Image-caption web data
*** Begin section ***
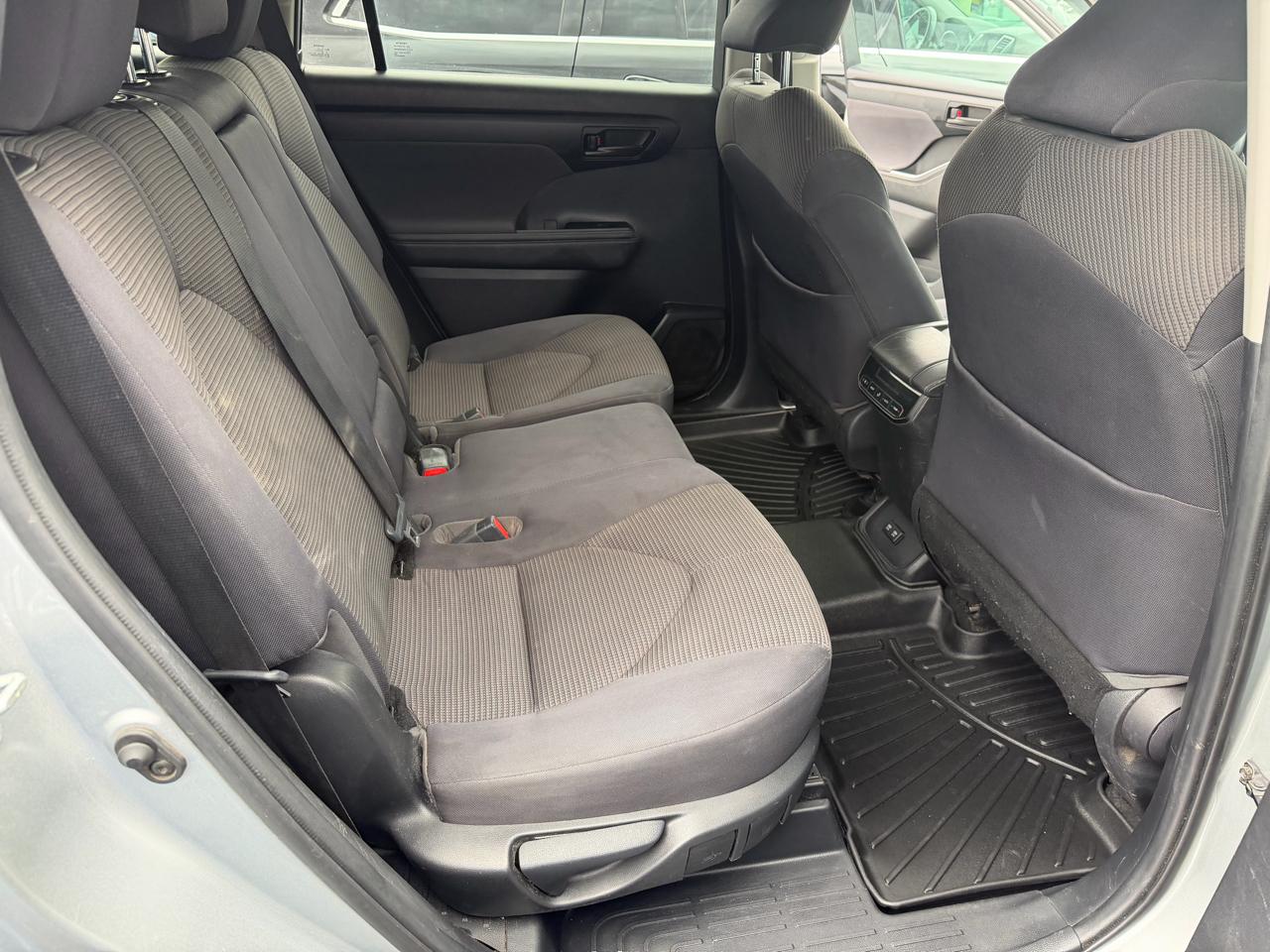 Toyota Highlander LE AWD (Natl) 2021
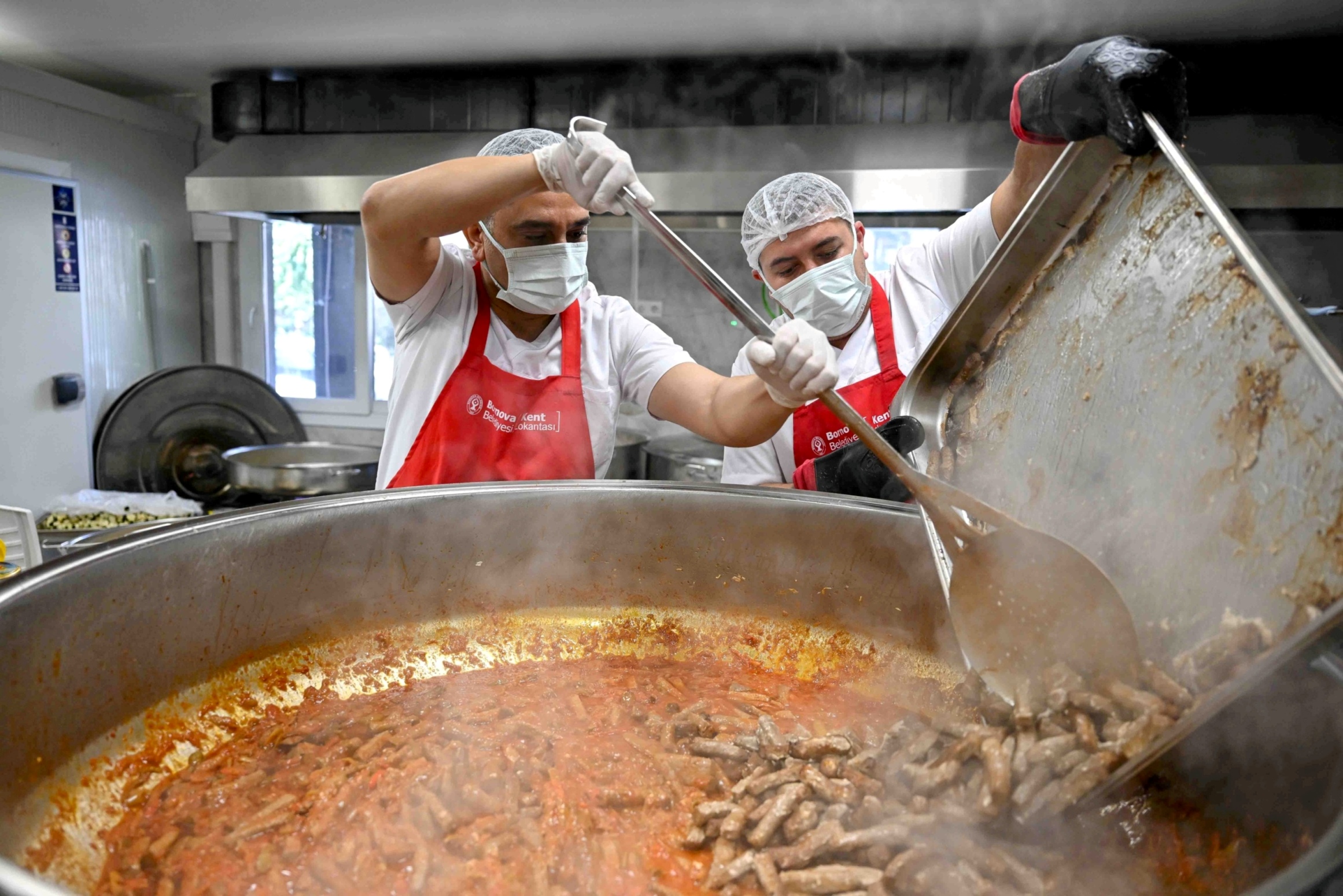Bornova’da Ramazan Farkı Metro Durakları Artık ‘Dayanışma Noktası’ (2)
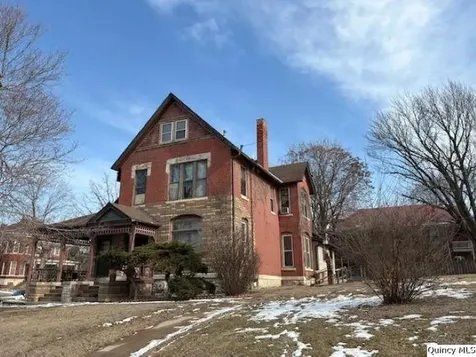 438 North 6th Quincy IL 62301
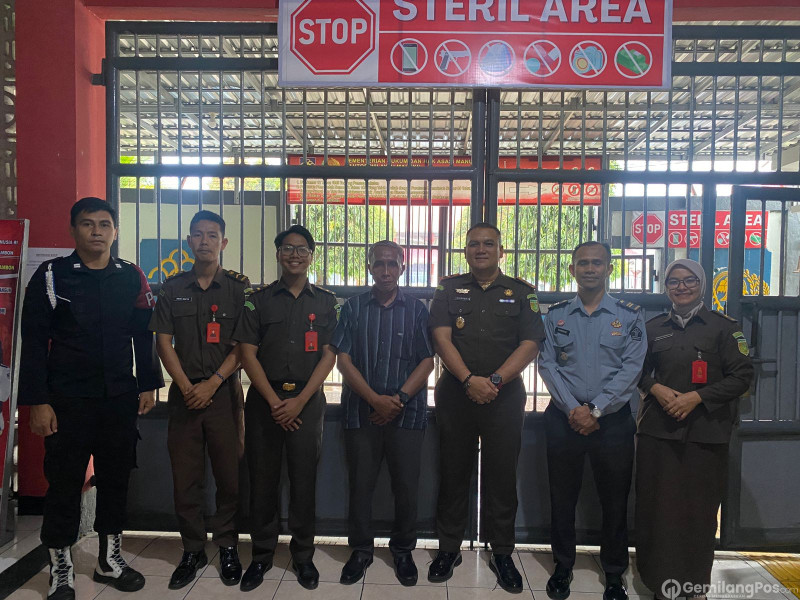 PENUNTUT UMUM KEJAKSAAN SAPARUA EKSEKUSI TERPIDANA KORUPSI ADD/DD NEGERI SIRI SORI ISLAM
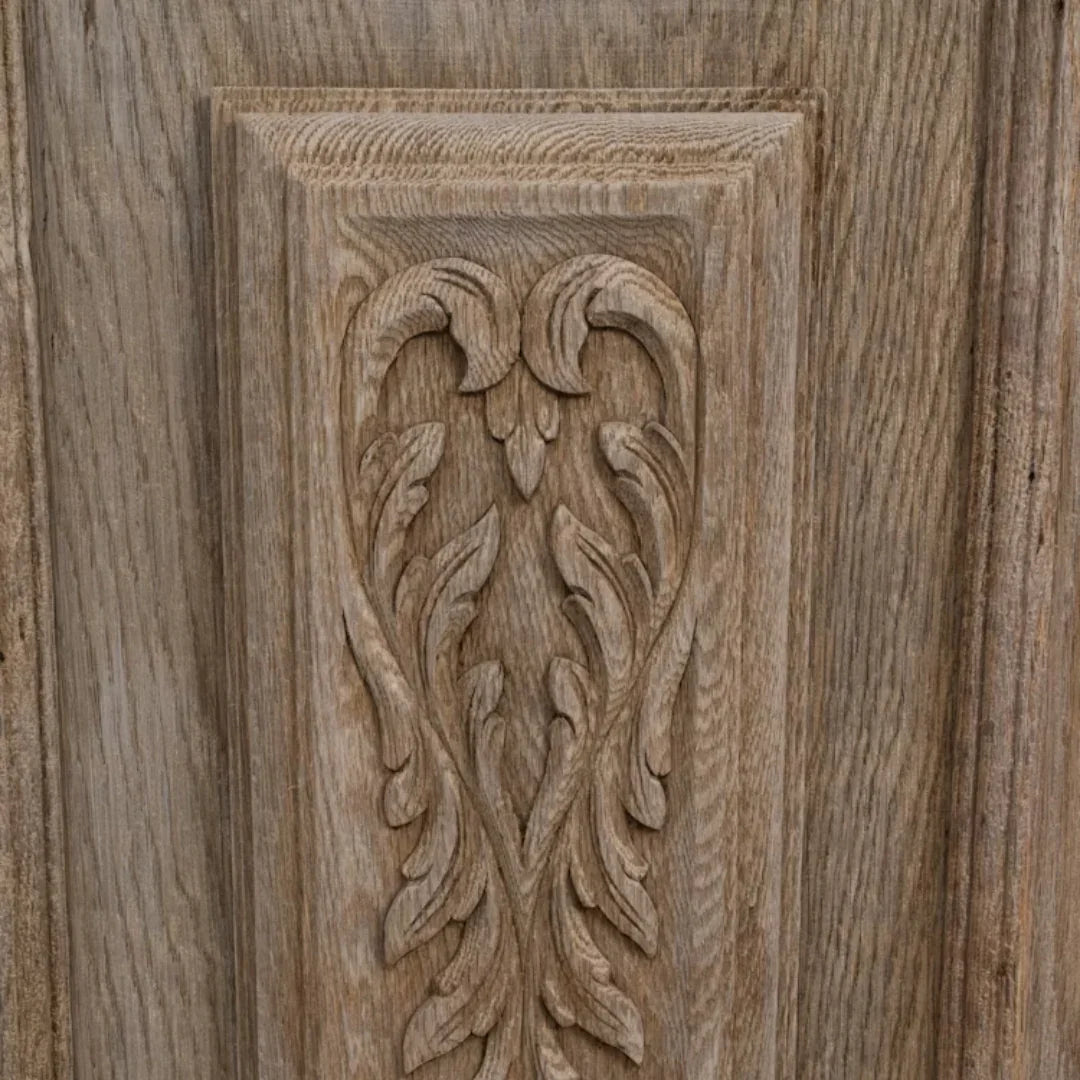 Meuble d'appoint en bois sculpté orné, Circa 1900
*** End section ***
EXERCISE: Copy the records exactly as they appear, leaving every picture out.

RESPONSE AREA:
 Toyota Highlander LE AWD (Natl) 2021
Bornova’da Ramazan Farkı Metro Durakları Artık ‘Dayanışma Noktası’ (2)
 438 North 6th Quincy IL 62301
 PENUNTUT UMUM KEJAKSAAN SAPARUA EKSEKUSI TERPIDANA KORUPSI ADD/DD NEGERI SIRI SORI ISLAM
 Meuble d'appoint en bois sculpté orné, Circa 1900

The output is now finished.